▸ Scraped caption text data

╔══

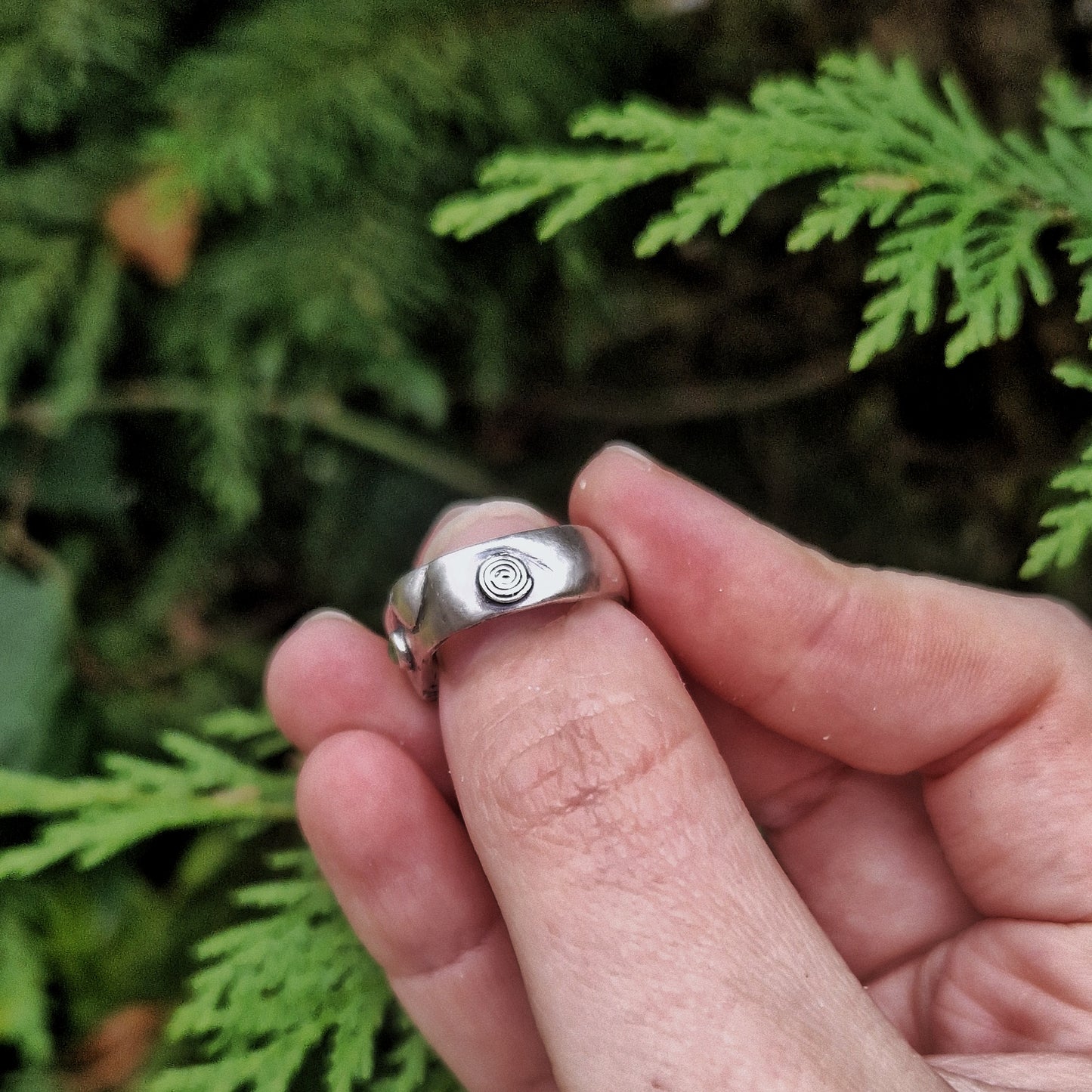 Silver Spiral Ring with Tourmaline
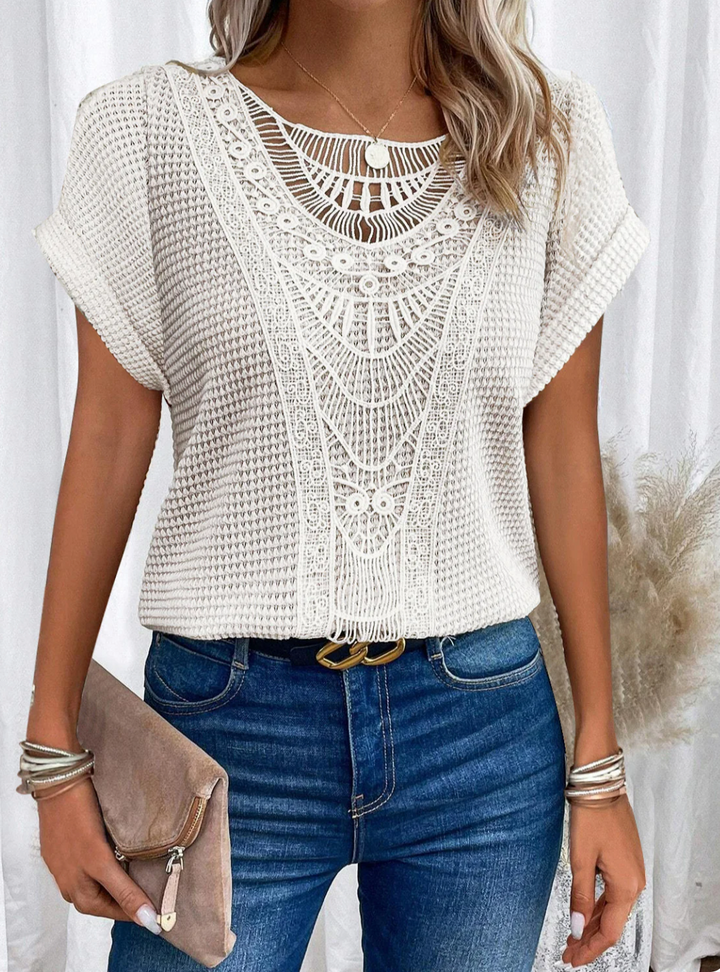 Noelia | Elegante Häkelspitzen Damenbluse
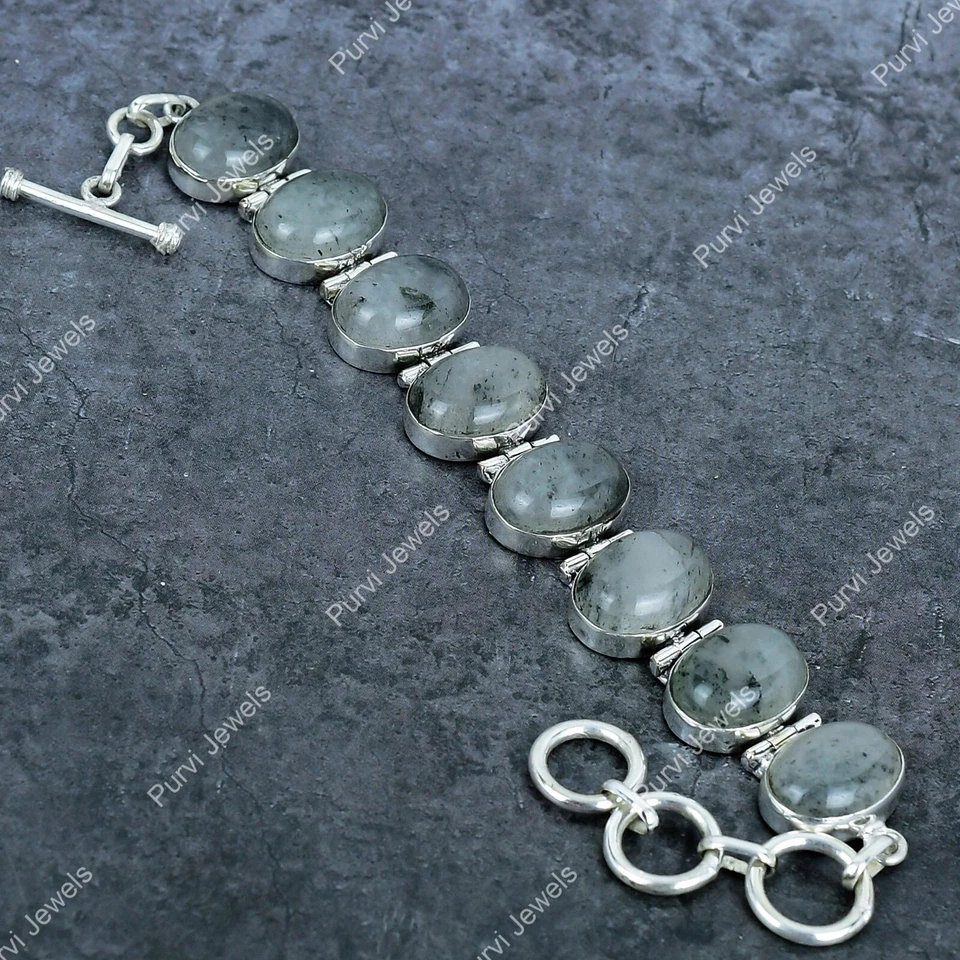 Pulsera ajustable de plata 925 con piedras preciosas de rutilo negro joyería para mujer Foto 2 de 4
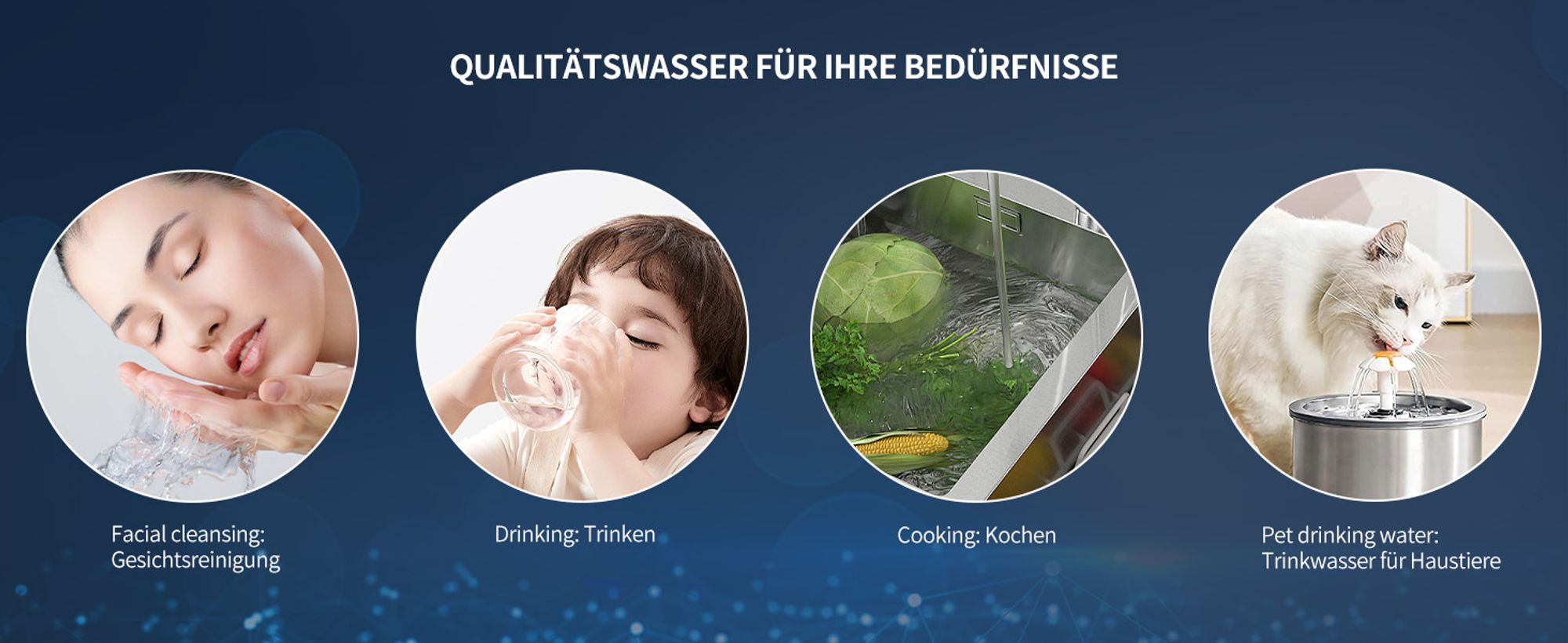 Homelody Wasserfilter für Wasserhahn, Desinfektion mit Blaulicht,Geruchsfreies Trinkwasser, Entfernt, Schwermetalle Geschmack,Hygienisches Trinkwasser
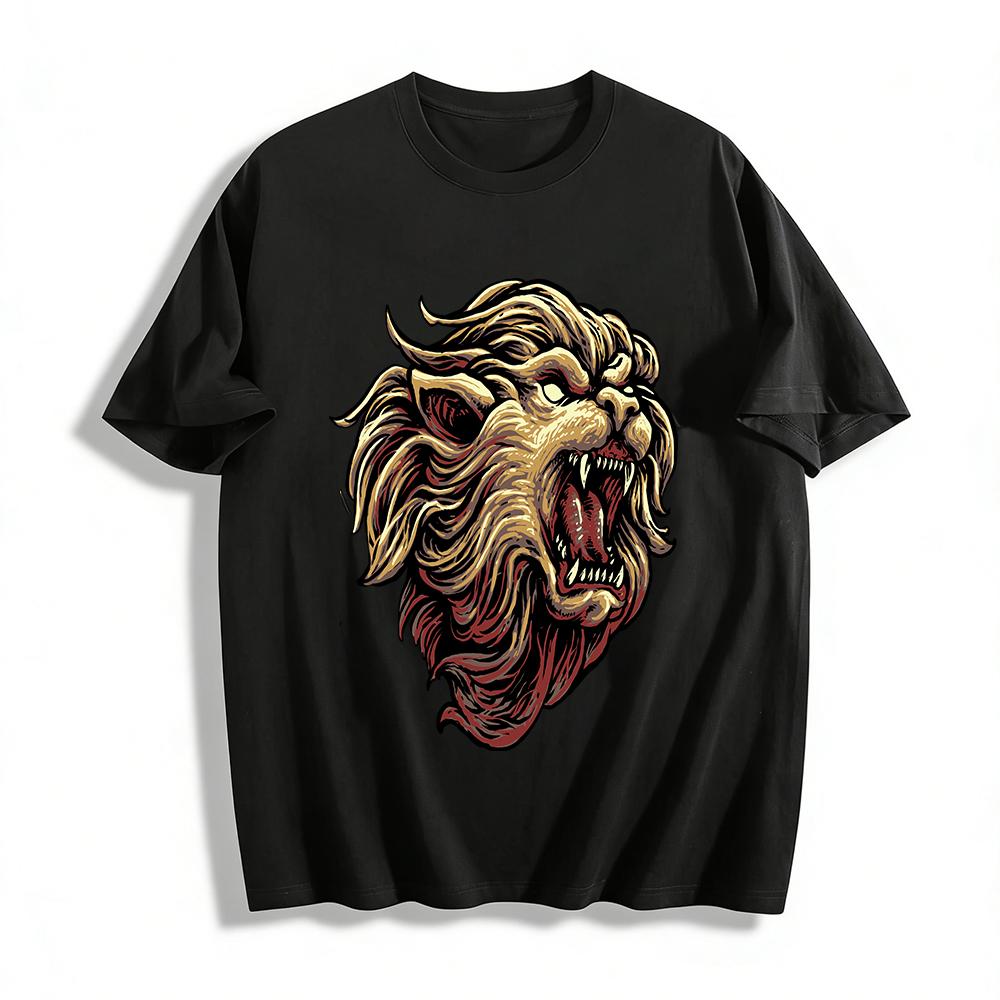 Dark Ferocious Beast Roar Print Street Style Loose Casual T-Shirt Pure cotton T-shirt XXS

╚══

▸ Task objective
Copy out only the lines from the one containing "Noelia | Elegante Häkelspitzen Damenbluse" to the end of the entries, unchanged. Drop the pictures.

▸ Answer to this problem
 Noelia | Elegante Häkelspitzen Damenbluse
 Pulsera ajustable de plata 925 con piedras preciosas de rutilo negro joyería para mujer Foto 2 de 4
 Homelody Wasserfilter für Wasserhahn, Desinfektion mit Blaulicht,Geruchsfreies Trinkwasser, Entfernt, Schwermetalle Geschmack,Hygienisches Trinkwasser
 Dark Ferocious Beast Roar Print Street Style Loose Casual T-Shirt Pure cotton T-shirt XXS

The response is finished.